To clarify the role of Gcm on fertility, we crossed the gcmGal4 driver, which faithfully mimics the expression of Gcm32,33, with a UAS-RFP reporter. RFP expression was detected in the adult spermatheca, while no labelling was observed in the ovaries nor in the oviduct (Fig. 1b). Gcm expression in the adult spermatheca was confirmed by qPCR assays (Supplemental Figure S1).

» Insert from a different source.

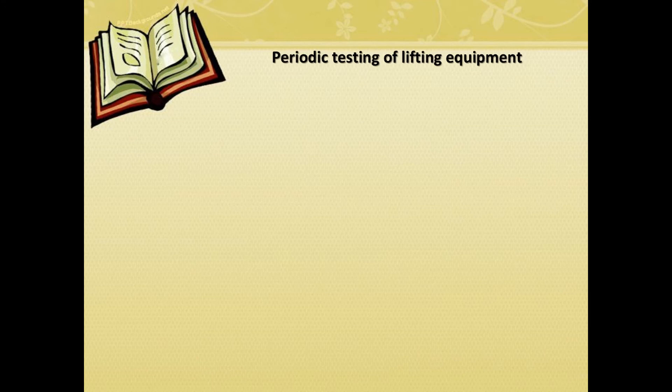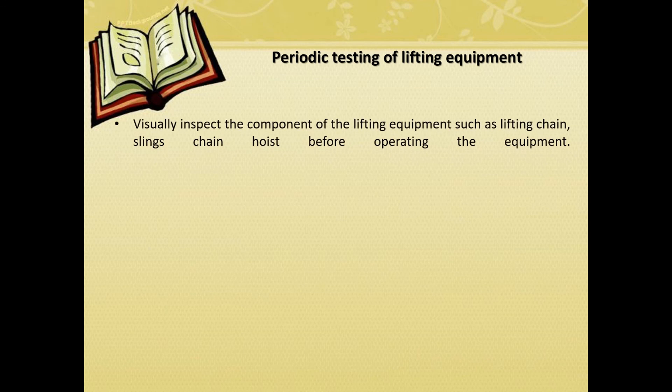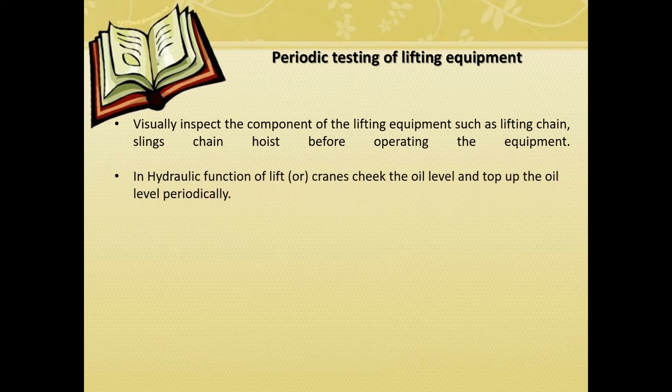Periodic testing of lifting equipment. Visually inspect the components of the lifting equipment such as lifting chain, slings, and chain hoist before operating the equipment. Check the hydraulic function of lifts and cranes. Check the oil level and top up the oil level periodically.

Finally, a GO-term analysis on a genome-wide screen aiming at identifying the direct targets of Gcm39 specifically highlighted the genes involved in the reproductive system development as the most enriched class of genes after those involved in nervous system development, in line with the known role of Gcm at the glial determinant24,30,31 (Fig. 1c). Comparison between this screen and the published transcriptome of the spermatheca13 revealed that 387 direct targets of Gcm are expressed in this organ (Fig. 1d, list in Supplemental Table S1).

This data indicate that Gcm is necessary for female fertility and that it is expressed in the spermatheca.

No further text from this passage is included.